Prompt = Transcribe exactly the lines from the top of the records below through the line that holds "Volodymyr Zelenskyy looked", both included, with no pictures.

Supplied entries =

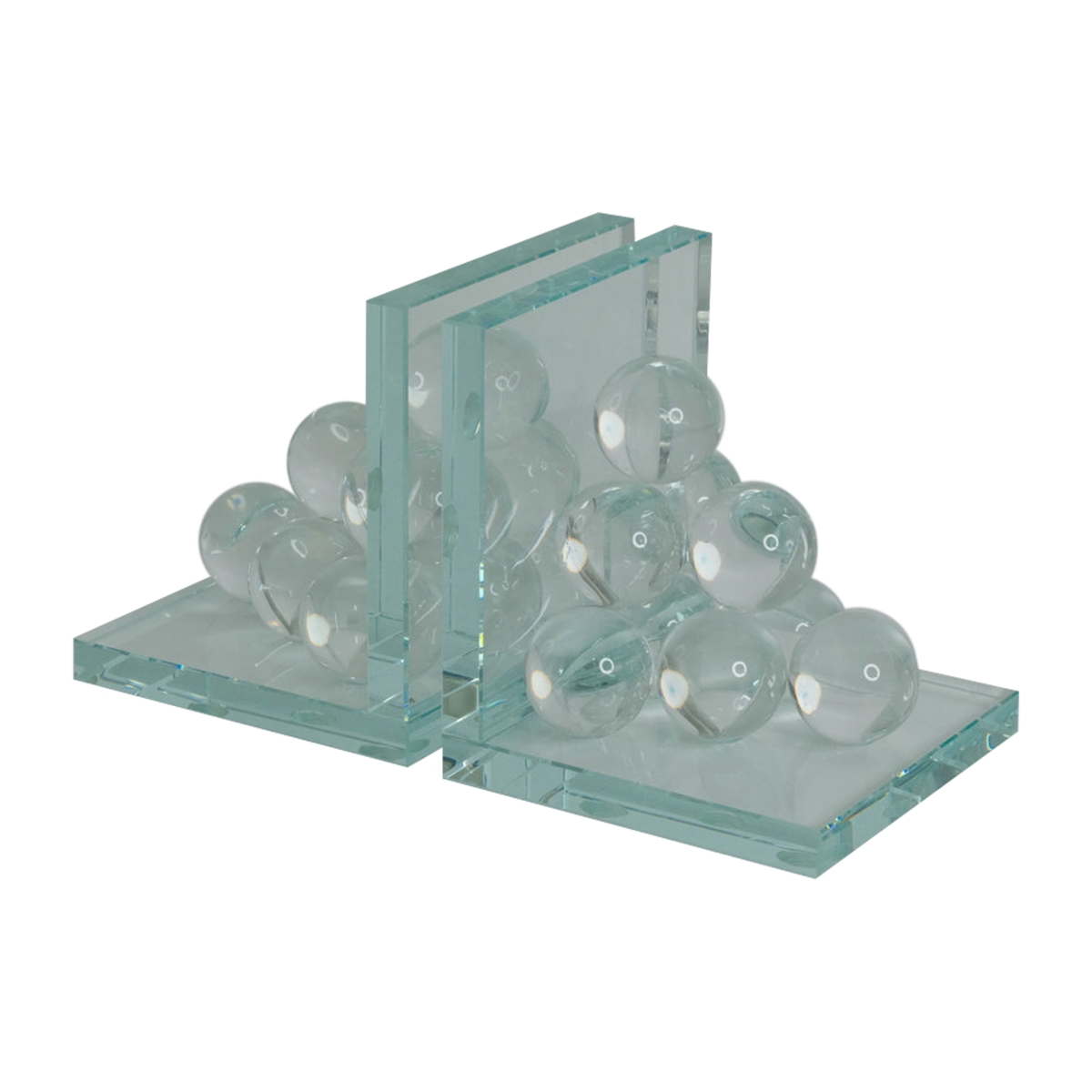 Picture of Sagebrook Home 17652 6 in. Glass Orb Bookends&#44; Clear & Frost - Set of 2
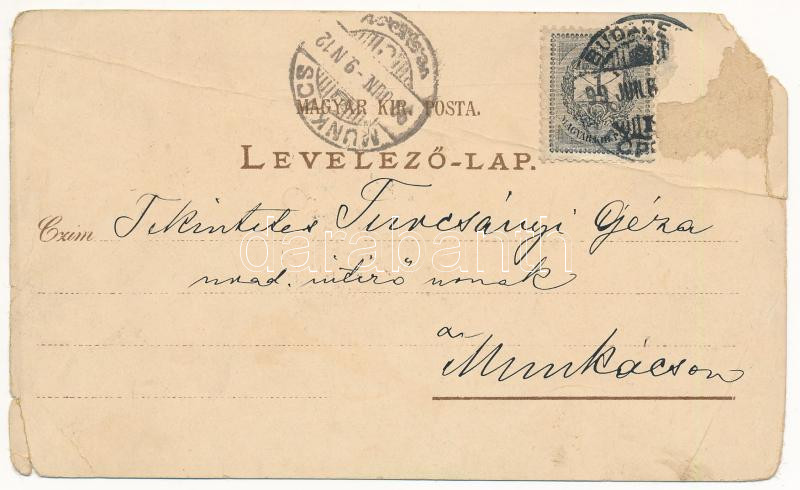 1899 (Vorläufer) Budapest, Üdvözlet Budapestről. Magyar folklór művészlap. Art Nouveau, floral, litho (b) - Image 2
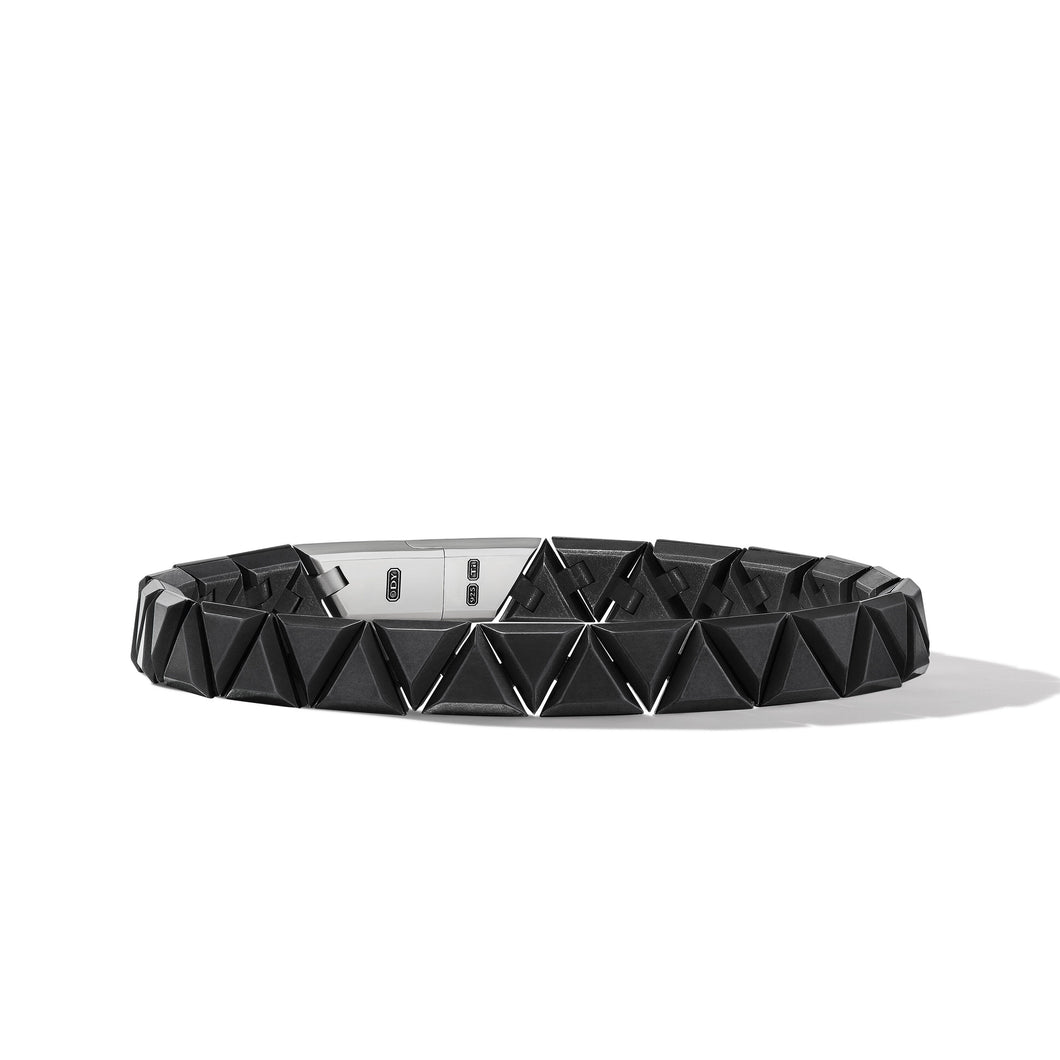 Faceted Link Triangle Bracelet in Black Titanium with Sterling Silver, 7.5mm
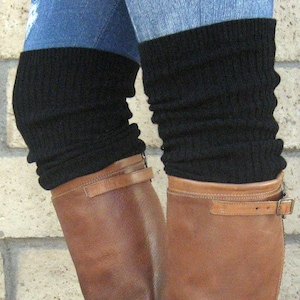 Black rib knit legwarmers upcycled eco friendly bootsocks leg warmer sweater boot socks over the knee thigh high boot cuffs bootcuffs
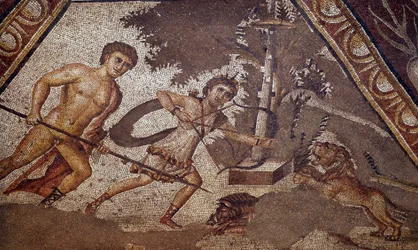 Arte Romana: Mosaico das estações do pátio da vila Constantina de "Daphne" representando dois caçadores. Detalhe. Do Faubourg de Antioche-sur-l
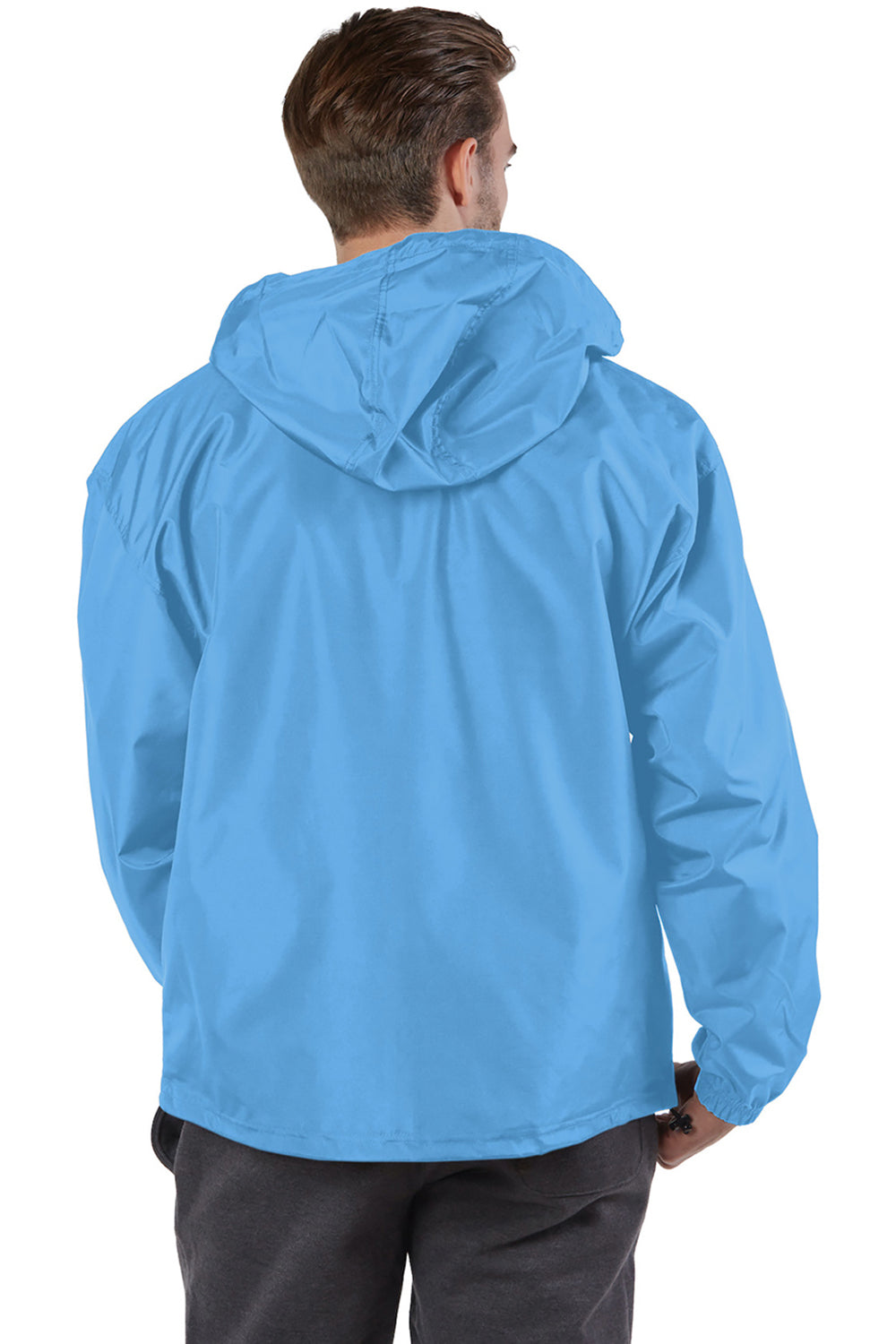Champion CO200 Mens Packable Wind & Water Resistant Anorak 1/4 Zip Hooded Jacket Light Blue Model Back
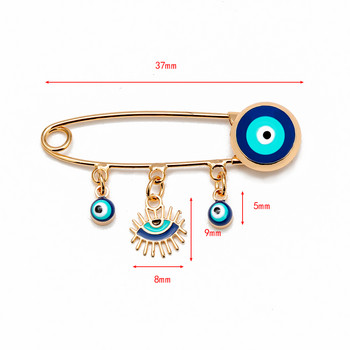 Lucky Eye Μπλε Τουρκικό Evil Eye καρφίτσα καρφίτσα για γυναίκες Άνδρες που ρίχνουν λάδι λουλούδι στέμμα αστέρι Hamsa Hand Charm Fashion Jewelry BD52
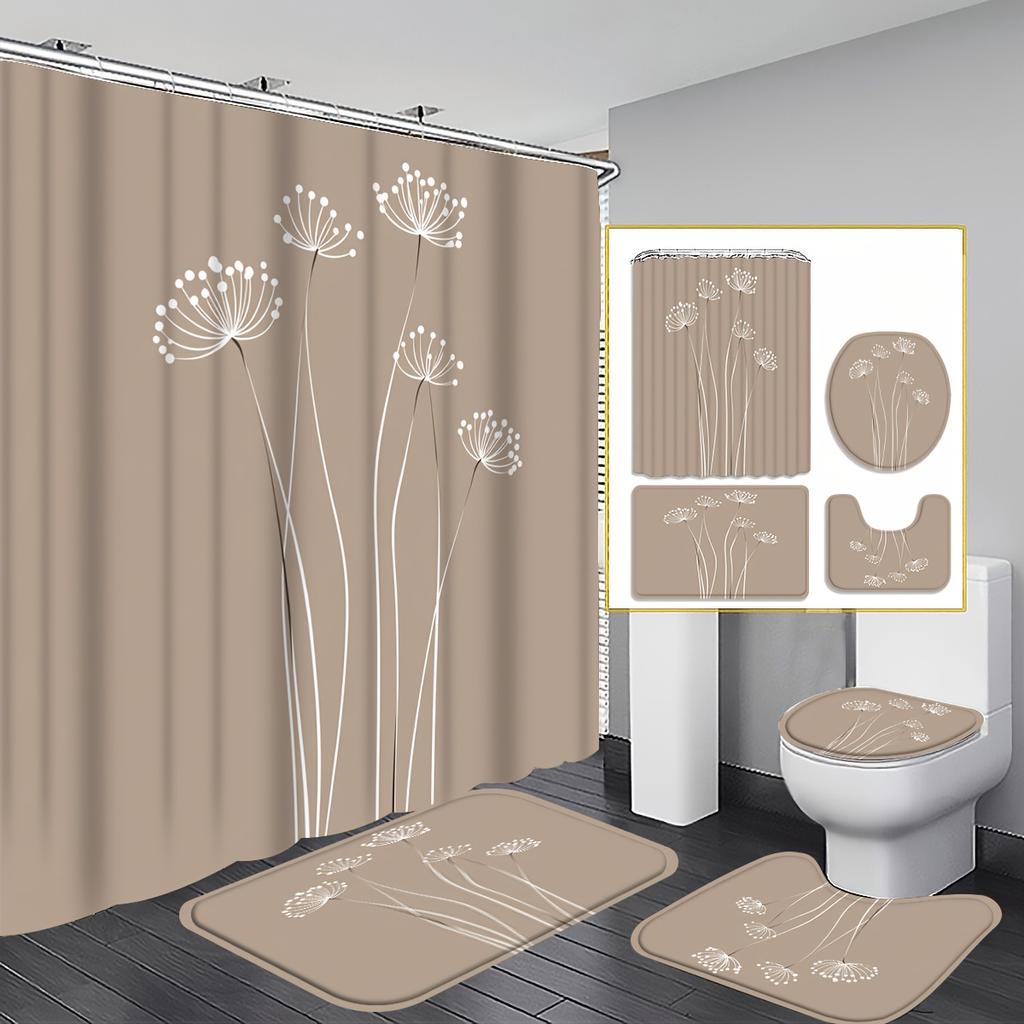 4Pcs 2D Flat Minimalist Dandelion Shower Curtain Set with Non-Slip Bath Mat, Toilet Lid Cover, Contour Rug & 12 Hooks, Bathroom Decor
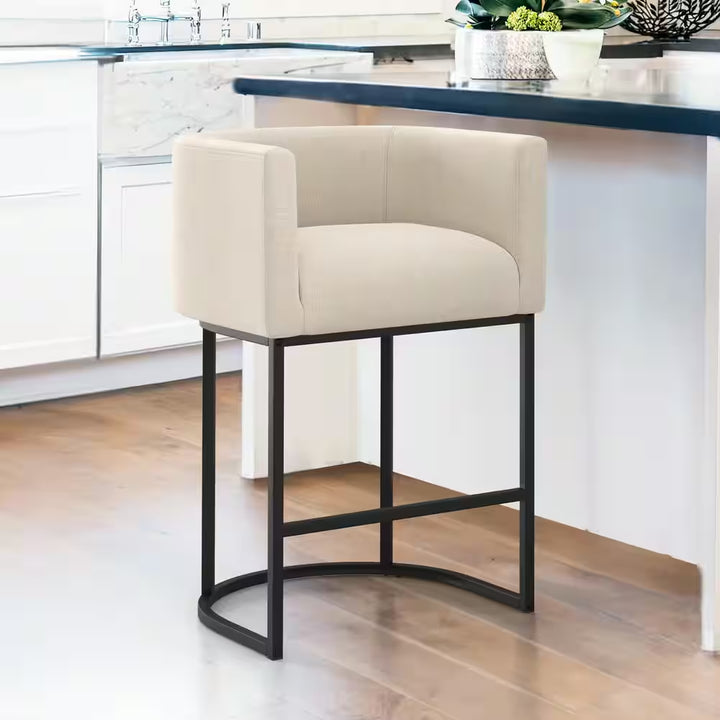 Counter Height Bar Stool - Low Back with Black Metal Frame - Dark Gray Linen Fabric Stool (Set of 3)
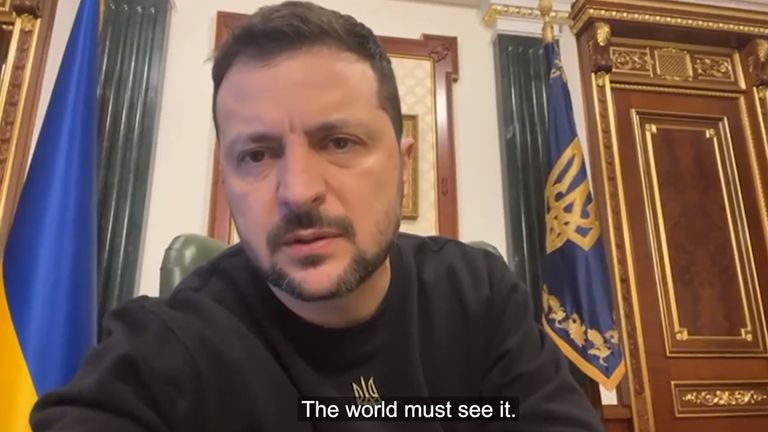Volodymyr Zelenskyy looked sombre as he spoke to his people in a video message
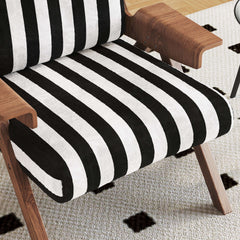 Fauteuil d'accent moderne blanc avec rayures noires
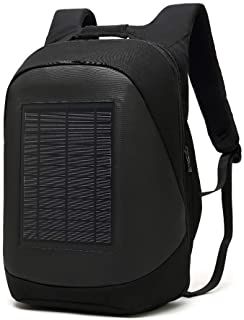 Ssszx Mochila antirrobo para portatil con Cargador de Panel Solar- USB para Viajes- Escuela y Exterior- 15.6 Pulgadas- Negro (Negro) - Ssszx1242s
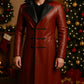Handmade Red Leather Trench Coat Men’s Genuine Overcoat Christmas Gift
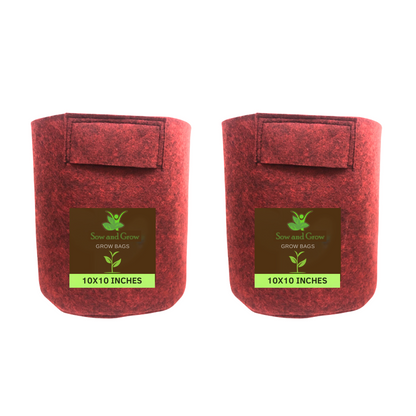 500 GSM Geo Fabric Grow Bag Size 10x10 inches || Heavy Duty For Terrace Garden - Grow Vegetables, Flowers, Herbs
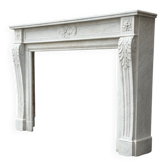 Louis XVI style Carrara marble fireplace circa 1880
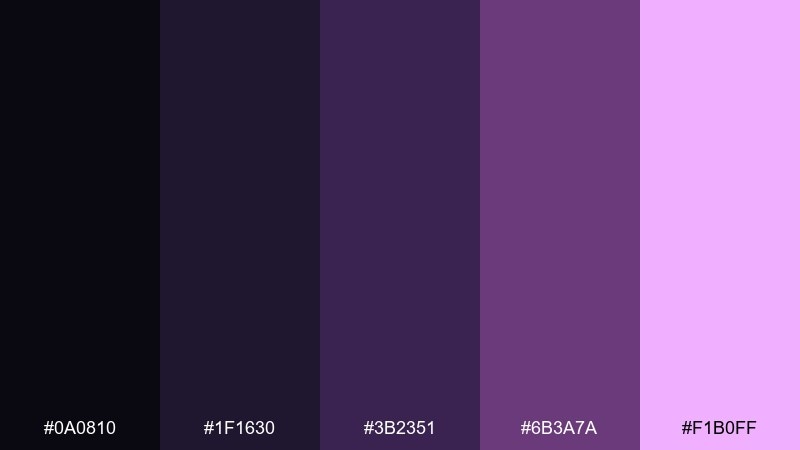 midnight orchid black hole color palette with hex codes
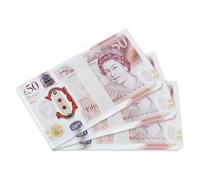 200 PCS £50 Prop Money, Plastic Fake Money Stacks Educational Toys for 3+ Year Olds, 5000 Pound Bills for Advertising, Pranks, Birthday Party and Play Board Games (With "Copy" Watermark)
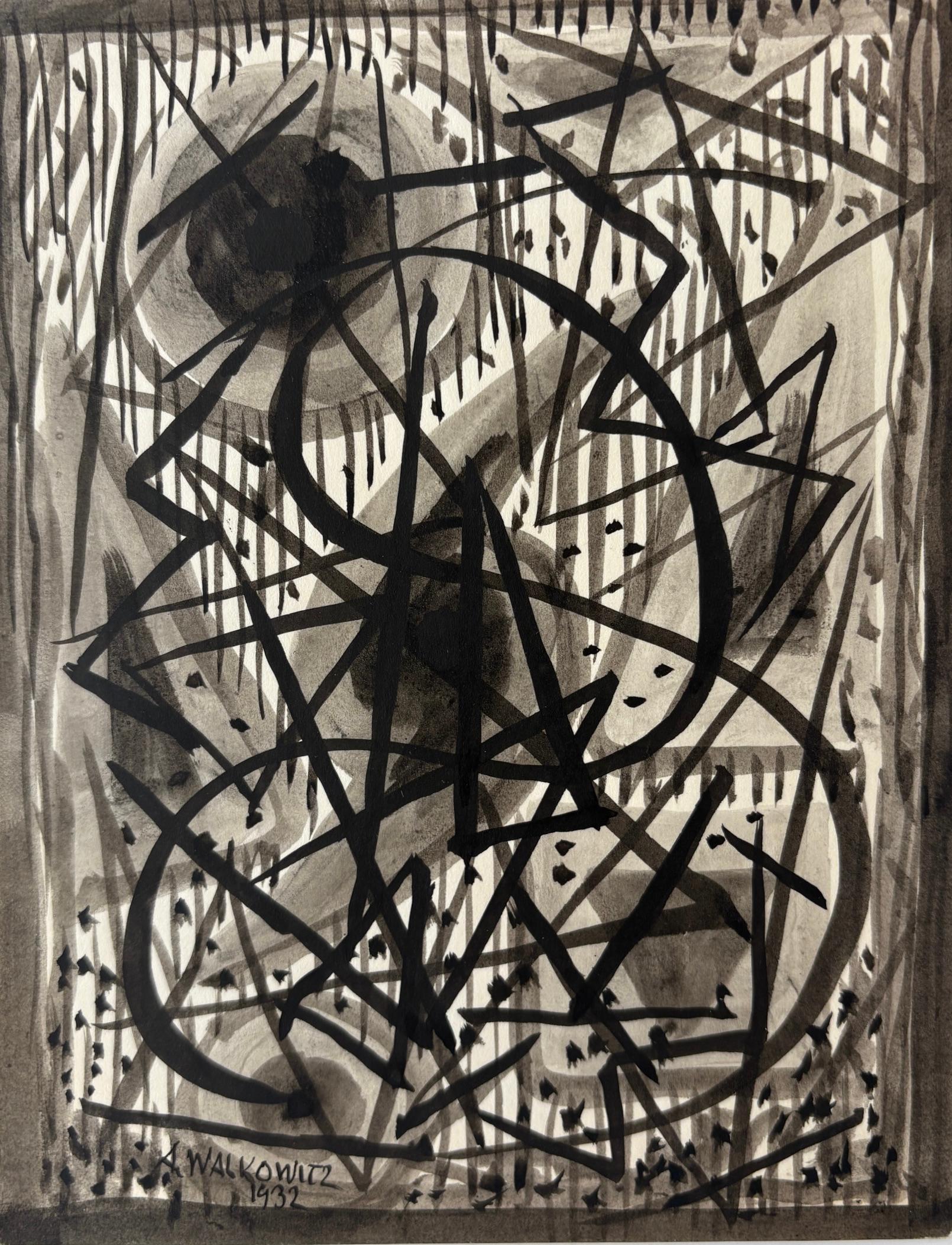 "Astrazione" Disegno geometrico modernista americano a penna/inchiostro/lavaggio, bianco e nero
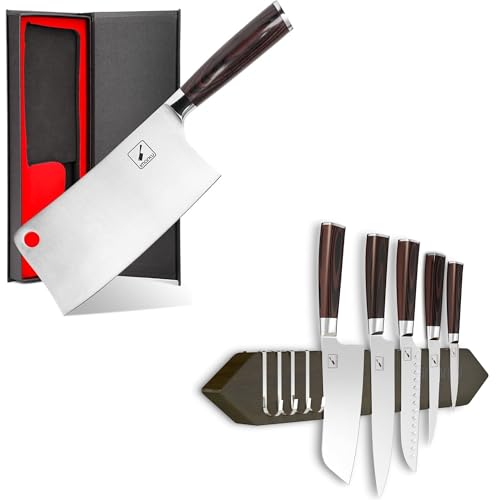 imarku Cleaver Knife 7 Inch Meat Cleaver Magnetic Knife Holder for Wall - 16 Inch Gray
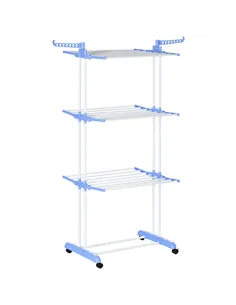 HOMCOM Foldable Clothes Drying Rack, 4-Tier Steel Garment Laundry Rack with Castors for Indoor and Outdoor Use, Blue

Exercise solution =
 Picture of Sagebrook Home 17652 6 in. Glass Orb Bookends&#44; Clear & Frost - Set of 2
 1899 (Vorläufer) Budapest, Üdvözlet Budapestről. Magyar folklór művészlap. Art Nouveau, floral, litho (b) - Image 2
 Faceted Link Triangle Bracelet in Black Titanium with Sterling Silver, 7.5mm
 Black rib knit legwarmers upcycled eco friendly bootsocks leg warmer sweater boot socks over the knee thigh high boot cuffs bootcuffs
 Arte Romana: Mosaico das estações do pátio da vila Constantina de "Daphne" representando dois caçadores. Detalhe. Do Faubourg de Antioche-sur-l
Champion CO200 Mens Packable Wind & Water Resistant Anorak 1/4 Zip Hooded Jacket Light Blue Model Back
 Lucky Eye Μπλε Τουρκικό Evil Eye καρφίτσα καρφίτσα για γυναίκες Άνδρες που ρίχνουν λάδι λουλούδι στέμμα αστέρι Hamsa Hand Charm Fashion Jewelry BD52
 4Pcs 2D Flat Minimalist Dandelion Shower Curtain Set with Non-Slip Bath Mat, Toilet Lid Cover, Contour Rug & 12 Hooks, Bathroom Decor
 Counter Height Bar Stool - Low Back with Black Metal Frame - Dark Gray Linen Fabric Stool (Set of 3)
Volodymyr Zelenskyy looked sombre as he spoke to his people in a video message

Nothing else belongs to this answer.